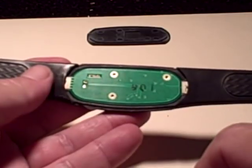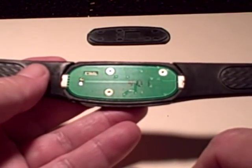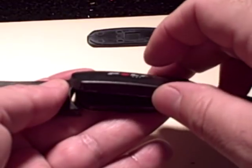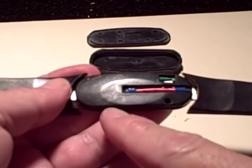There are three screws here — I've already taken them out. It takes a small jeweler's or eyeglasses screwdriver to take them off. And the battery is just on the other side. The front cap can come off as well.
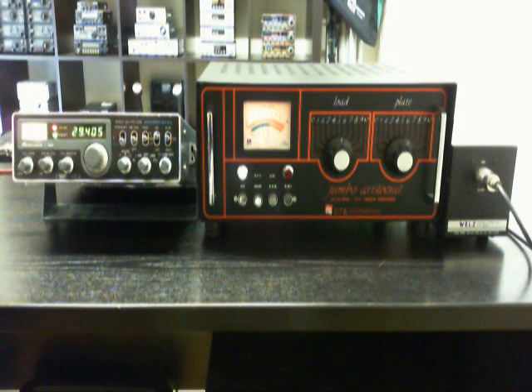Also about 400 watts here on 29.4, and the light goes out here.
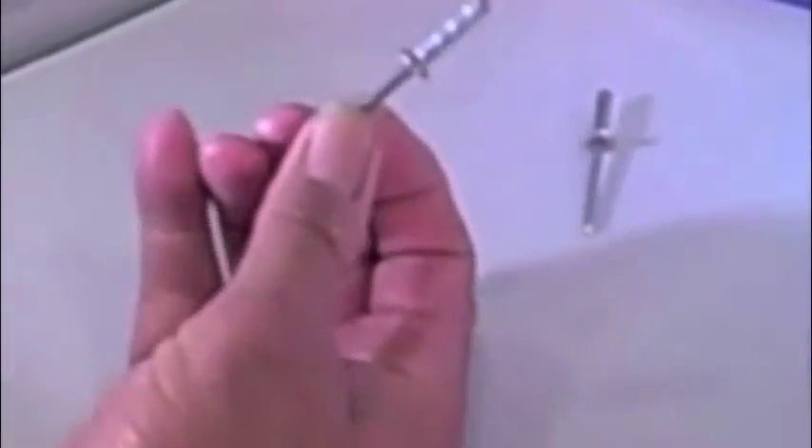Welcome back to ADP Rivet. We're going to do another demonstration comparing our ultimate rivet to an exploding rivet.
+ + + + + + +
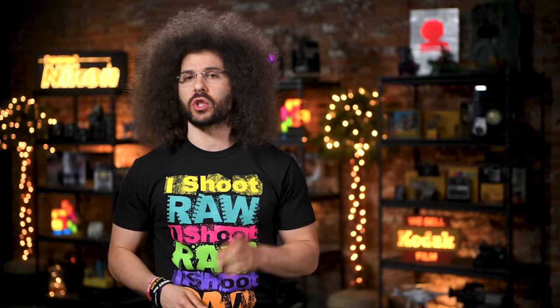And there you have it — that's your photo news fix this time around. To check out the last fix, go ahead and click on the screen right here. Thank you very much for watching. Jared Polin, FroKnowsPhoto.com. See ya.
+ + + + + + +
Look above for the line with "There are three" and the line with "Welcome back to". Copy them and every line between, exactly, but no pictures.

There are three screws here — I've already taken them out. It takes a small jeweler's or eyeglasses screwdriver to take them off. And the battery is just on the other side. The front cap can come off as well.
Also about 400 watts here on 29.4, and the light goes out here.
Welcome back to ADP Rivet. We're going to do another demonstration comparing our ultimate rivet to an exploding rivet.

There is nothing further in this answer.